How to implement a dynamic search over multiple rows-CodePudding

I have a df that looks similar to the below but with 100s of columns, where each column references a different text resolution.

Index	A/RES/73/262	A/RES/73/263
Issue-Primary	ME	HR
Issue-Secondary	NaN	NaN
Description	Protection of the Palestinian civilian	Situation of human rights in Myanmar

I have script that loops through each resolution description and sets a value in the "Issue-Primary" for a defined dictionary of search terms.

df = pd.read_excel("file_name")
issue_dict = {'human rights':'HR', 'Protection':'HR', 'Palestinian':'ME'} 
key_pattern = re.compile(rf'({"|".join(issue_dict.keys())})')

for columnName, columnData in df.iteritems():
    matched_key = re.search(key_pattern, str(columnData[1]))
    if matched_key:
        columnData[0] = issue_dict.get(matched_key.group(), "Issue-Primary")
    else:
        columnData[0] = np.NaN

There are resolutions for which descriptions are relevant for multiple issues so I would like to apply a similar script to my "Issue-Secondary" row. However, I need to ensure that when the script is setting values for "Issue-Secondary" it is ignoring terms relevant for the code in "Issue-Primary"

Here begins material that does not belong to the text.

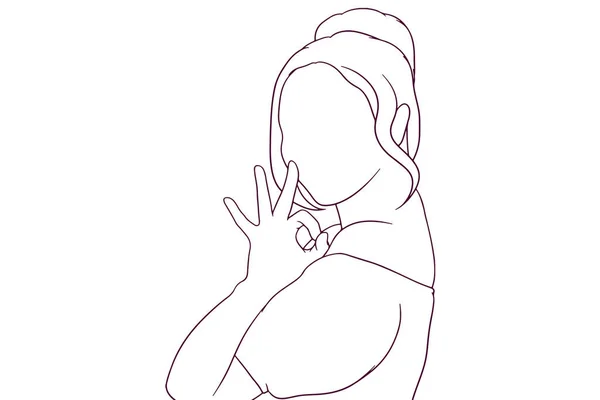 Schönes Mädchen Zeigt Übereinstimmen Geste Handgezeichnet Stil Vektor Illustration — Stockvektor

For instance, "Protection" relates to 'HR', so in the first column after the script sets the value for "ME" in "Issue-Primary", it should return to "Issue-Secondary" and apply the same process without looking for "ME" terms (otherwise it simply duplicates the "ME"). Ideally, "Issue-Primary" will be set to "ME" and "Issue-Secondary" gets "HR" in the first resolution column.

Below is my first attempt. However, as you can imagine, since I am using the same issue_dict, it doesn't produce the desired results. I am unsure what the best way is to ensure that whatever term is in "Issue-Primary" gets left out when applying the script to "Issue-Secondary".

issue_codes_list = ['HR', 'ME']
key_pattern = re.compile(rf'({"|".join(issue_dict.keys())})')

for columnName, columnData in df.iteritems():
    matched_key = re.search(key_pattern, str(columnData[1]))
    if matched_key:
        columnData[0] = issue_dict.get(matched_key.group(), "Issue-Primary")
    else:
        columnData[0] = np.NaN
    
    for j in issue_codes_list:
        if columnData[0] == j:
            if matched_key:
                columnData[1] = issue_dict.get(matched_key.group(), "Issue-Secondary")
            else:
                columnData[1] = np.NaN

CodePudding user response：

You can use re.findall to find all occurences of the strings to match at once, and then only keep unique values:

df = pd.DataFrame(index=['Issue-Primary','Issue-Secondary','Description'],columns=['a','b'])
df.loc['Description']=['Protection of the Palestinian civilian',
                       'Situation of human rights in Myanmar']

issue_dict = {'human rights':'HR', 'Protection':'HR', 'Palestinian':'ME'} 
key_pattern = re.compile(rf'({"|".join(issue_dict.keys())})')

for columnName, columnData in df.iteritems():
    matched_key = re.findall(key_pattern, str(columnData[2]))
    if matched_key:
        
        all_issues = [issue_dict.get(x, "Issue-Primary") for x in matched_key]
        issues=list()
        for i in all_issues:
            if i not in issues: issues.append(i)
        
        if len(issues)>0:
            columnData[0] = issues[0]
        if len(issues)>1:
            columnData[1] = issues[1]

returns for df:

	a	b
Issue-Primary	HR	HR
Issue-Secondary	ME	NaN
Description	Protection of the Palestinian civilian	Situation of human rights in Myanmar

I am not sure how you are getting 'ME' for Issue-Primary in the first column though. If the ordering doesn't matter, you can save a few lines by replacing the block that starts at all_issues with

issues = list(set([issue_dict.get(x, "Issue-Primary") for x in matched_key]))

set() will remove duplicates.

I am also unsure if there's any use for you to use issue_dict.get(matched_key.group(), "Issue-Primary") instead of just issue_dict[matched_key.group()].